From 1f915cab919c9aef8a78e4b339b7191c08d6efbd Mon Sep 17 00:00:00 2001
From: Chen Zhang <zhangch99@outlook.com>
Date: Sat, 11 Jan 2025 23:03:01 -0800
Subject: [PATCH 3/6] fix bug in tpu

Signed-off-by: Chen Zhang <zhangch99@outlook.com>
---
 vllm/worker/tpu_model_runner.py | 16 ++++++++++------
 1 file changed, 10 insertions(+), 6 deletions(-)

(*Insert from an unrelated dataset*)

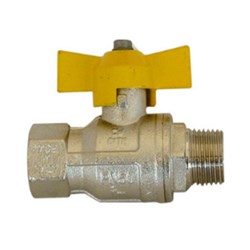 1/2 BSP M/F BALL VALVE AGA APP T HANDLE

diff --git a/vllm/worker/tpu_model_runner.py b/vllm/worker/tpu_model_runner.py
index dad5e744bf476..7dfeef0dd3f8a 100644
--- a/vllm/worker/tpu_model_runner.py
+++ b/vllm/worker/tpu_model_runner.py
@@ -266,8 +266,9 @@ def _dummy_run(
             torch._dynamo.mark_dynamic(t, 0)
             torch._dynamo.mark_dynamic(p, 0)
         # Dummy run.
-        self.model(token_ids, position_ids, attn_metadata, input_lens, t, p,
-                   num_samples, kv_caches)
+        with set_forward_context(None, self.vllm_config, 0):
+            self.model(token_ids, position_ids, attn_metadata, input_lens, t,
+                       p, num_samples, kv_caches)
 
     def warmup_model(
         self,
@@ -715,10 +716,13 @@ def execute_model(
             input_lens = model_input.input_lens.to(self.device)
             for i in range(num_steps):
                 slot_mapping = attn_metadata.slot_mapping
-                output_token_ids = self.model(token_ids, position_ids,
-                                              attn_metadata, input_lens, t, p,
-                                              model_input.num_samples,
-                                              kv_caches)
+                with set_forward_context(model_input.attn_metadata,
+                                         self.vllm_config,
+                                         model_input.virtual_engine):
+                    output_token_ids = self.model(token_ids, position_ids,
+                                                  attn_metadata, input_lens, t,
+                                                  p, model_input.num_samples,
+                                                  kv_caches)
                 self.cached_step_outputs.append(output_token_ids)
 
                 if i < num_steps - 1:

From 4e135d6f0a5aebb2f32110d5d7f9ee4496c4392a Mon Sep 17 00:00:00 2001
From: Chen Zhang <zhangch99@outlook.com>
Date: Sat, 11 Jan 2025 23:29:31 -0800
Subject: [PATCH 4/6] bind kv cache for tpu

Signed-off-by: Chen Zhang <zhangch99@outlook.com>
---
 vllm/worker/tpu_model_runner.py | 2 +-
 vllm/worker/tpu_worker.py       | 6 +++++-
 2 files changed, 6 insertions(+), 2 deletions(-)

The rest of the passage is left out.